There is a group of people I refer to as “landscape people.”
These are the unsung heroes constructing our buildings, keeping our premises clean, empting the trash, clearing our utensils and cutlery at eateries, etc.
For the most part, we ignore them and don’t even engage with them – they are being regarded as part of the landscape, hence the term “landscape people.”
Few will deny it but most of us harbor prejudices about these people, many of whom are foreigners.
Some of us view them with disdain.
This is ironical considering that we are known to be a melting pot, a multi-racial society; after all, we pledge to be one united people, regardless of race, language or religion.
But prejudices run deep.
I mingle and mix with just about all kinds of people.
Not just those of the same ethnicity as me, but also the non Chinese like the Malays and Indians among us.
But I know of many Singaporeans who do not have a single friend outside their racial group.
Among my friends are the highbrow ones – well, some of them consider themselves to be highbrow (in addition to being well-heeled) anyway – who occupy senior positions in government and corporations.
But I am happy to say that I also have friends who are taxi drivers, cleaners and sweepers – hoi polloi.
No, I am no patron saint of the sidelined and the cold-shouldered but as I grow older, I often try to put myself in the position of other people and often ask myself “if the roles are reversed, how would I want to be treated?” (Even if you’re only 15, sometimes that’s all it takes to wake up your fucking ideas – yes, put yourself in someone else’s shoes.)
Of course some foreigners, understandably, become wary if one tries to be too friendly, simply because most of them are not accustomed to the approachability of strangers, especially Singaporeans.

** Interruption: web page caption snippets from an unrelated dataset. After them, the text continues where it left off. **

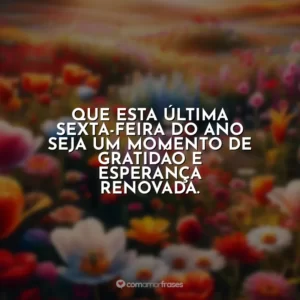 Que esta última sexta-feira do ano seja um momento de gratidão e esperança renovada.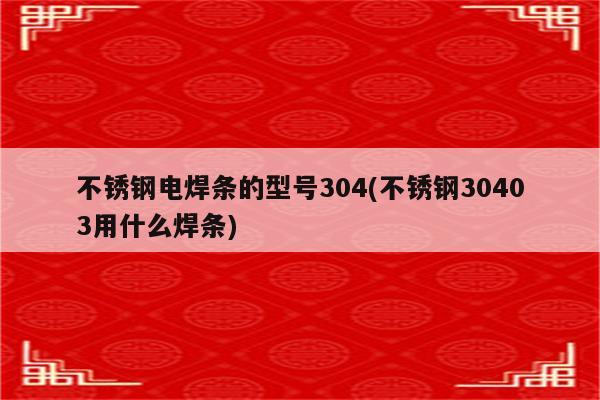 不锈钢电焊条的型号304(不锈钢30403用什么焊条)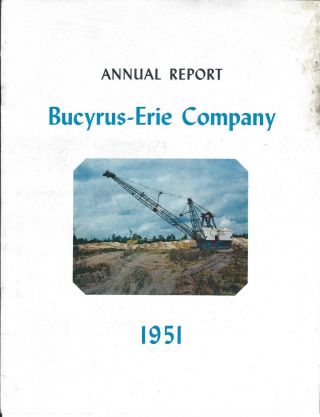 Annual Report - Bucyrus - Erie - 1951 - Dragline Scraper Cover Photos (ar09)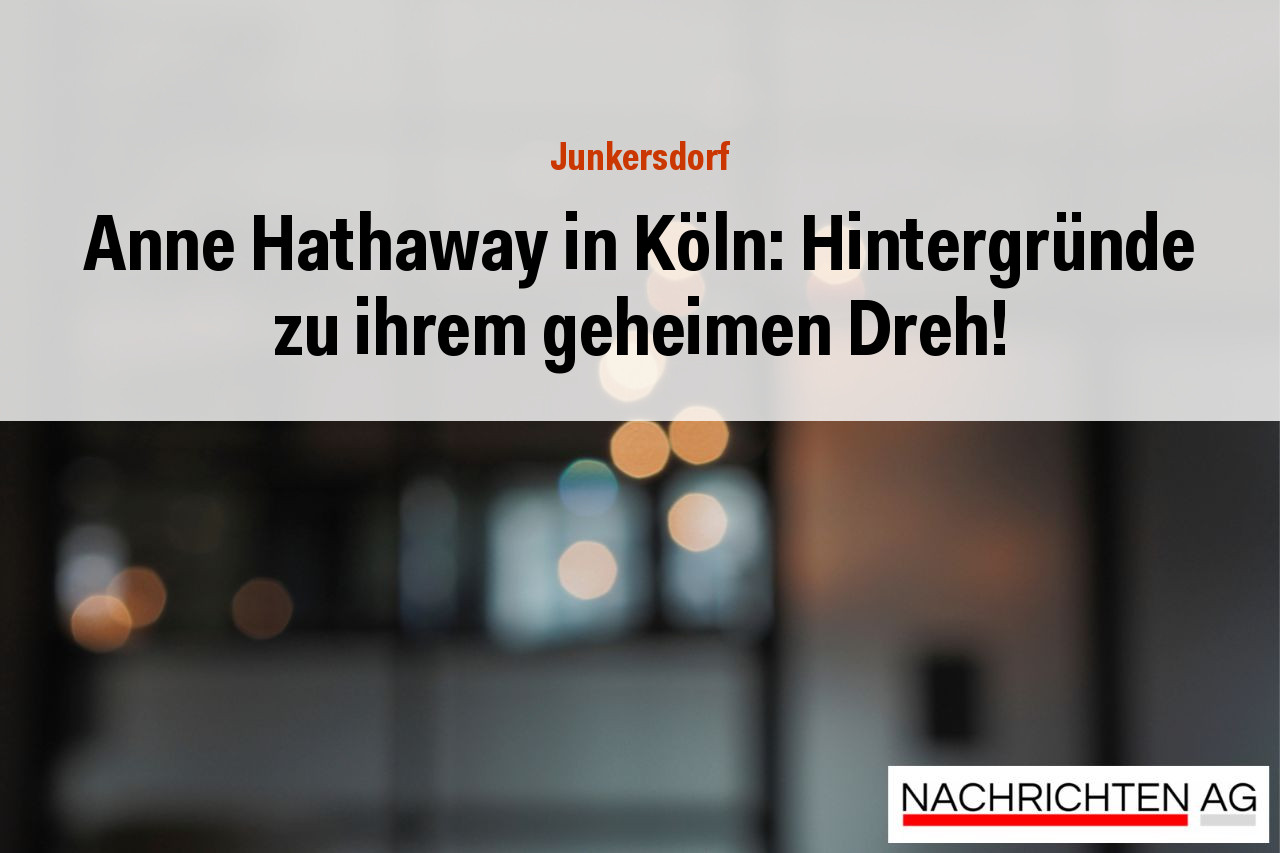 Anne Hathaway in Köln: Hintergründe zu ihrem geheimen Dreh!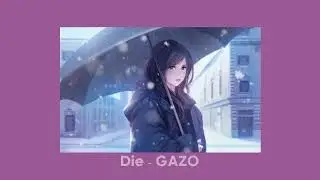 Die - GAZO (speed up) + [harmonic reverb]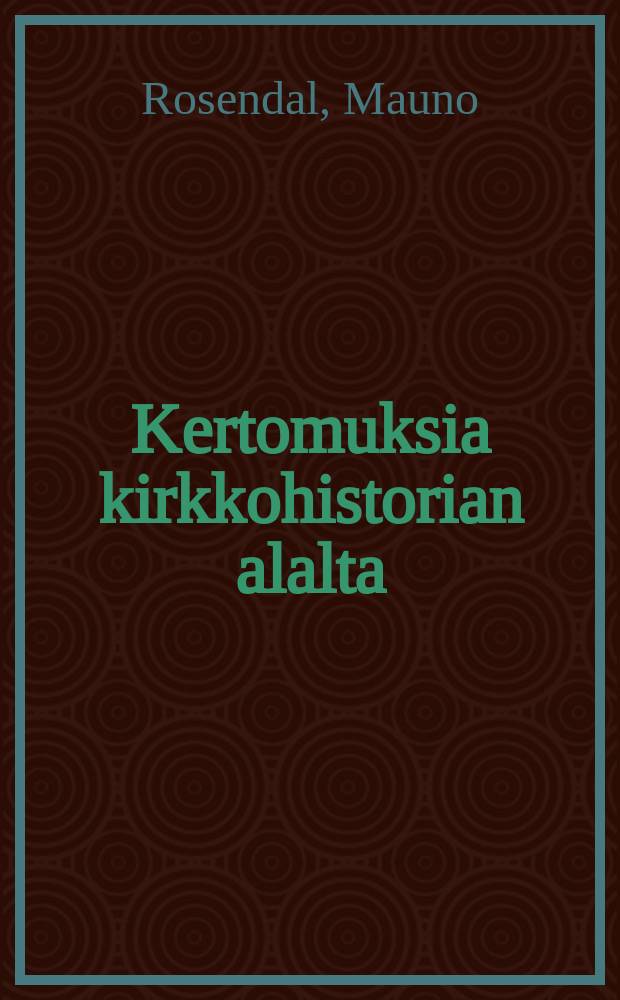 Kertomuksia kirkkohistorian alalta : Kansantajuisesti esitellyt
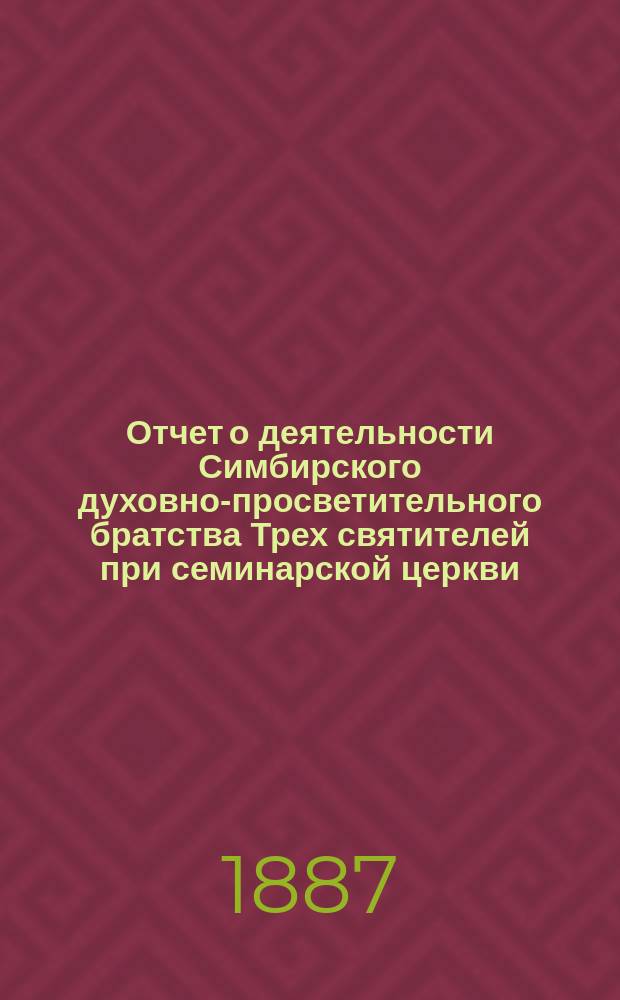 Отчет о деятельности Симбирского духовно-просветительного братства Трех святителей при семинарской церкви ... ... за 1908 г.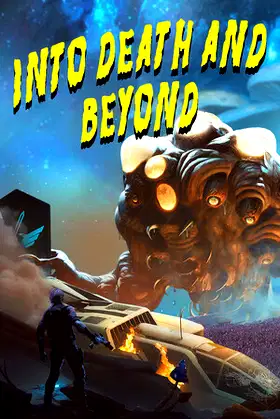 Into Death and Beyond poster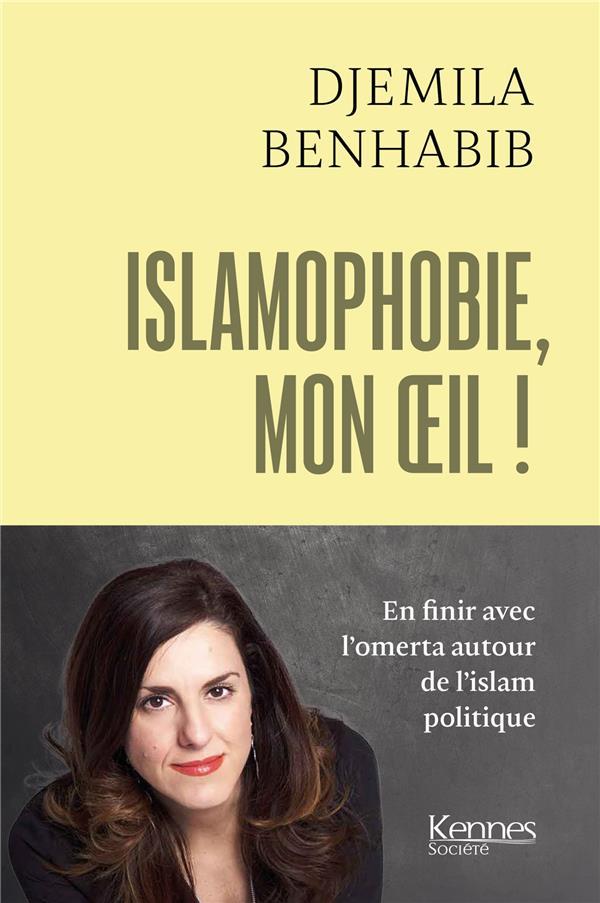 Vente Livre :                                    Islamophobie, mon oeil ! en finir avec l'omerta autour de l'islam politique
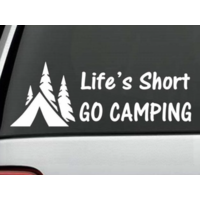 LIFES SHORT, GO CAMPING car/caravan window decal - White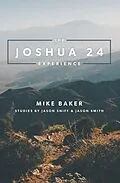 E-Book (epub) The Joshua 24 Experience von Mike Baker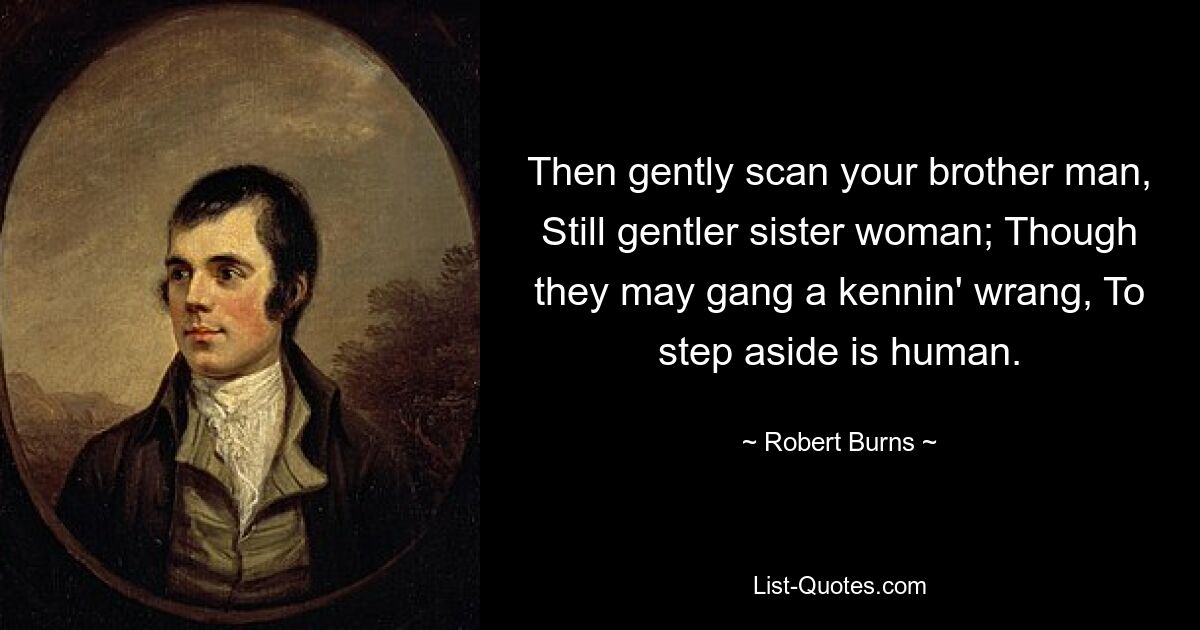 Then gently scan your brother man, Still gentler sister woman; Though they may gang a kennin' wrang, To step aside is human. — © Robert Burns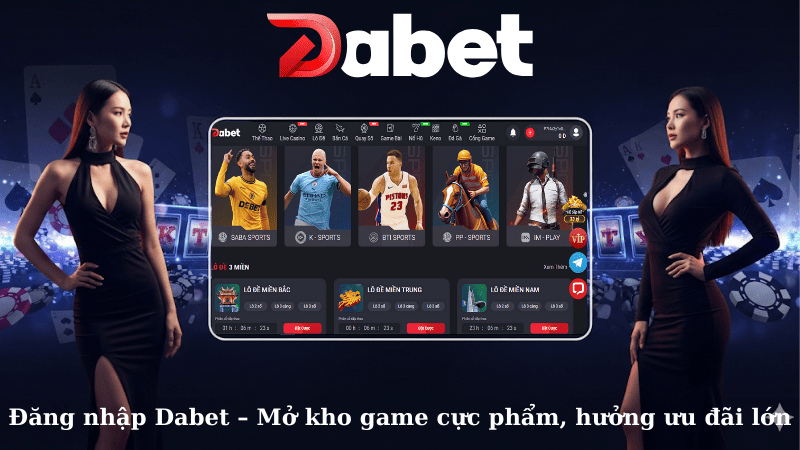 Đăng ký tài khoản nhà cái Dabet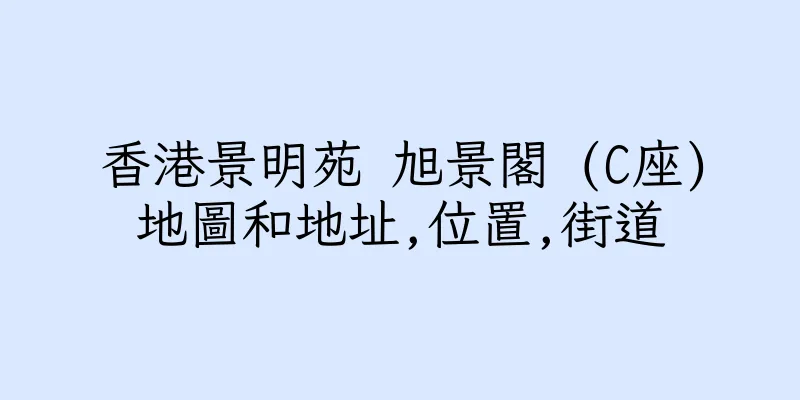 香港景明苑 旭景閣 (C座)地圖和地址,位置,街道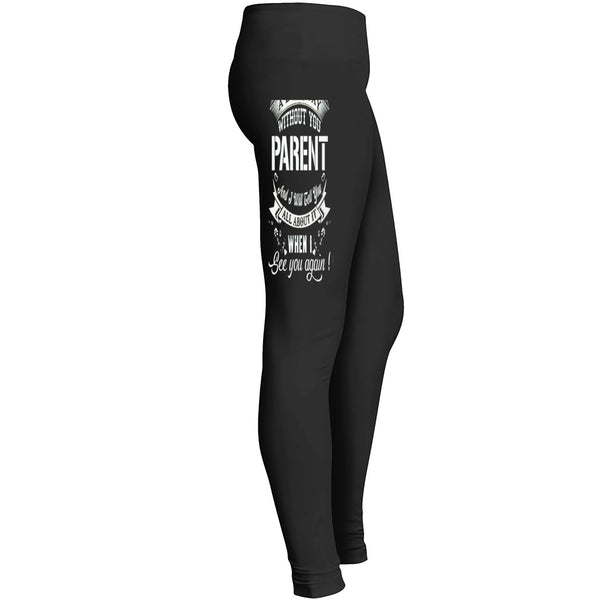 A Long Day Without You Parent Leggings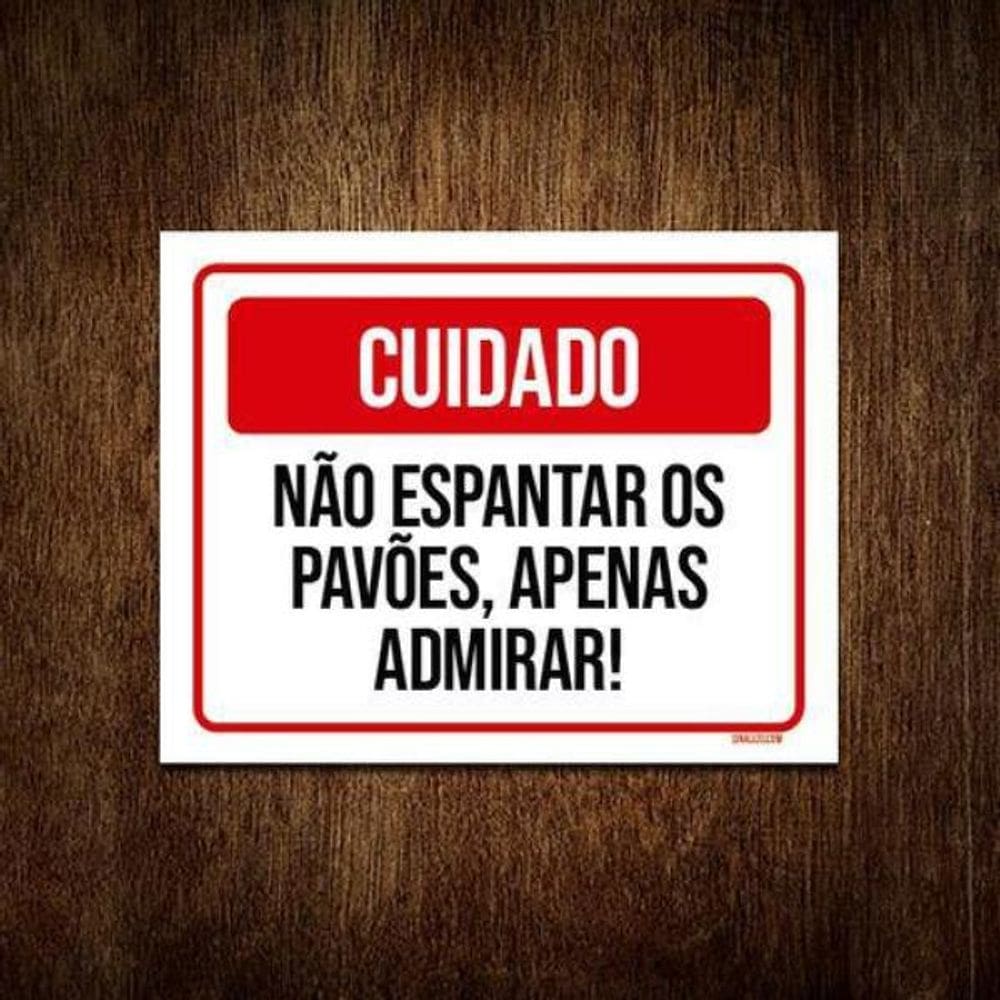 Placa Cuidado Não Espantar Pavões Apenas Adimirar 36X46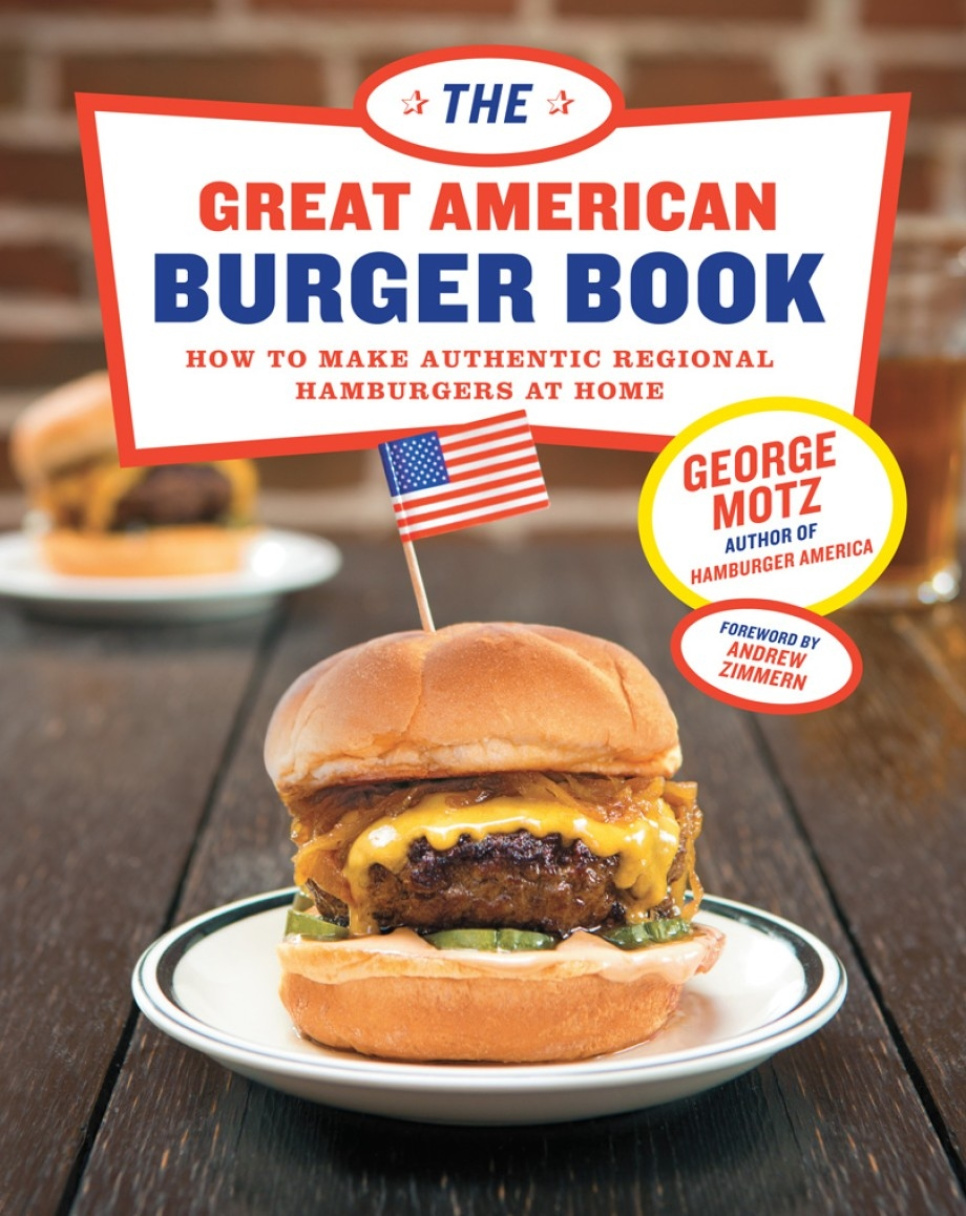 The Great American Burger Book - George Motz i gruppen Madlavning / Kogebøger / Køkkener & Kulturer / USA hos The Kitchen Lab (1987-26668)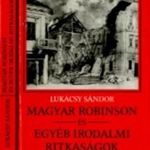 Lukácsy Sándor: Magyar Robinson és egyéb irodalmi ritkaságok fotó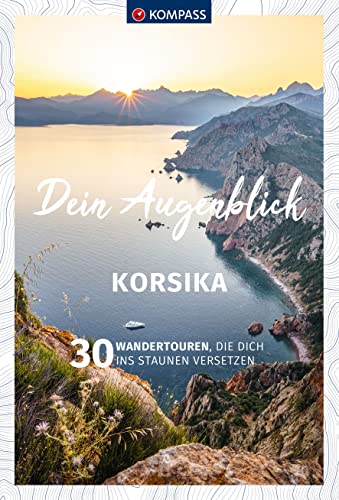 KOMPASS Dein Augenblick Korsika: 30 Wandertouren, die dich ins Staunen versetzen KOMPASS Dein Augenblick Korsika: 30 Wandertouren, die dich ins Staunen versetzen von KOMPASS-KARTEN
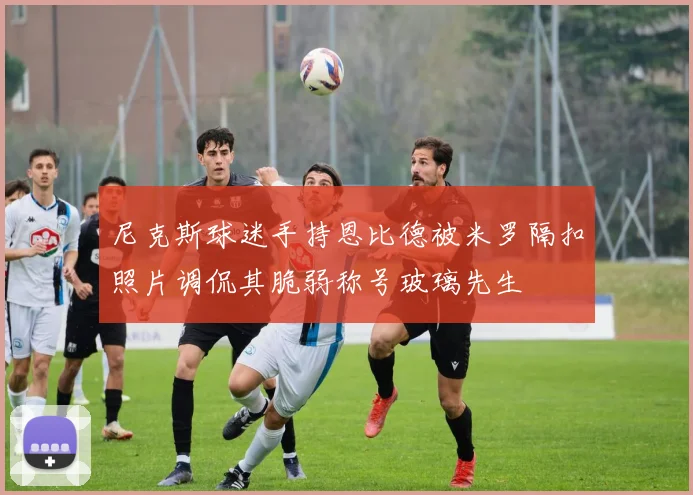 尼克斯球迷手持恩比德被米罗隔扣照片调侃其脆弱称号玻璃先生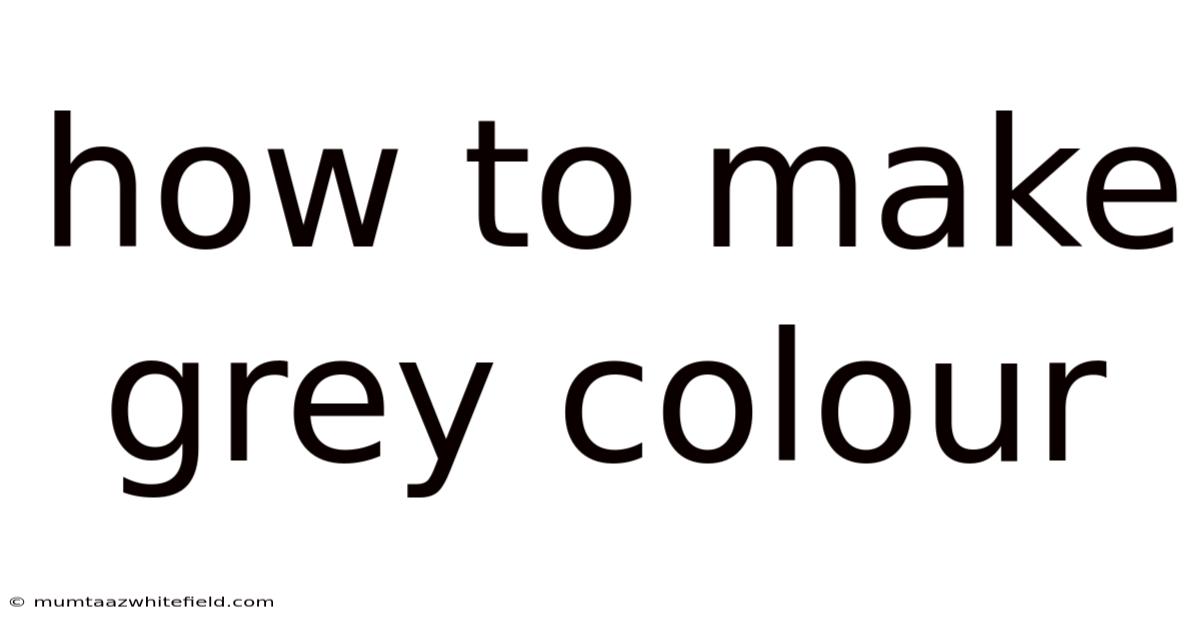 How To Make Grey Colour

Being Singaporeans we have much to be proud of – and truth be told, not necessarily because we ourselves actually did anything to get to where our nation is, but that’s another story – and because we think we are successful, we have become an arrogant, cocky, proud and haughty lot.
I joke with the cleaner who empties our trash bins, I chitchat with the intimidating-looking bearded Bangladeshi laborer who washes our corridors and I try to engage in banter with the silent majority whom no one talks to – the carpark attendant, the postmen and women, the courier delivery person, the karung guni men, the pizza delivery person, the cuci kereta guy, the workers at the laundry I send my clothes to, those women who go around car parks issuing fines to those who park without paying, even the Customs officers when I go to Eunos to collect my overseas online purchases.
I’m not doing this for myself, not trying to assuage my guilt over past bad behavior or anything like this.
Maybe I was touched by the acts of compassion and valor I learn through the media about how foreign workers went out of the way to help rescue a baby whose head was stuck in a balcony grill (one of them is shown in the picture above) or the brave fellow who risked his life in the heavy downpour to save a cat about to drown in a monsoon drain.
Maybe my heart suffered pangs of something – I don’t know what – when I read about that visibly dog-tired and weary foreign worker who didn’t dare sit in the MRT until someone assured him it’s ok, please sit, seats are not just for locals.
Maybe I’m just a softie.
Now I worry about the Bangladeshis in our country.
27 of their countrymen were recently arrested in Singapore and repatriated for terror links. (Some were planning to conduct extremist activities in Bangladesh.)
I hope we don’t look at every Bangladeshi we meet and assume that he is a terrorist hell bent on blowing up our country.
I’m generally an asshole (by choice and by conditioning) and not a forgiving person but I wish at times like this we can reach out and assure the foreigners in our midst that we who have the “mostest” of everything are also a nation with a big, discerning heart who will not taint all foreigners with the same brush just because some were bad hats.
So the next time you see foreigners among us, don’t act hostile and try to smile. They are working hard at jobs we despise and at salaries we don’t want in order to provide for their families back home. Please don’t assume they are all here to harm you.
To be honest, you’re more likely to be stabbed in the back by one of your fellow Singaporeans – maybe even someone from your church – than by a foreign worker.
Trust me, I’m speaking from experience.